Standing room only at his funeral with 3 parlors open.  We didn't even get flowers from Papa Johns but we did from Dominoes.  It makes me wonder about the guy that was killed in TN and all the papa johns people came including "John" himself.  I think it was for show probably.  The only people from Papa John's who came to Daniel's funeral were his co workers who loved him and cried to me how much they miss him.  
He was sent into an apartment complex which had murders there before and was known for its violent element with no protection!
Daniel was a talented musician and song writer.  He was a machinist through the week and his life insurance became effective 5 hours after he was brutally murdered.
His last words were "Oh God, Oh God No!"  I have to live with knowing that for the rest of my life which cannot be short enough for me.  
I have thought about suicide about every day since Daniel was murdered.  I however don't want to take the chance that I will never see him again so I stay alive until its my time to go.

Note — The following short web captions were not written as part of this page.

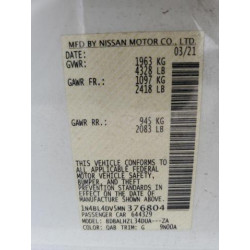 2021 NISSAN ALTIMA 1N4BL4DV5MN376804 59485355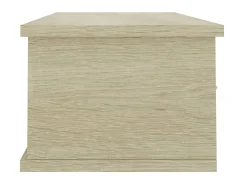 Estante de cajones para pared contrachapada roble 88x26x18,5cm ES73644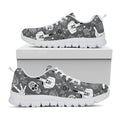 Gothic Wicca Curse Print White Running Shoes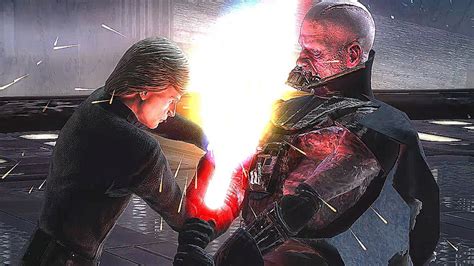 Luke Skywalker Kills Darth Vader Star Wars Scene Youtube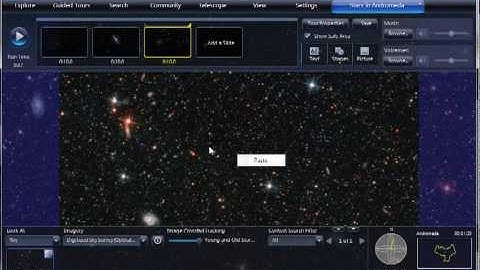 WWT Tutorials Part 2 - Andromeda - paste your own images and adding hyperlinks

Many times I wonder if I am going insane, because I just can't function anymore.  My house is always a mess, the laundry is always piled up and I pace around not knowing what to do.  This blog has helped a little, I gather information about Daniel off the web and now I will begin writing about my feelings here too..  
His many friends are now my other kids, they call me Mama Jaffke.  But people have begun avoiding me because I am always crying or about to.  My cousin told me right after Daniel died that "people will get on with their lives and you won't be able to".  She was very right, I am not able to.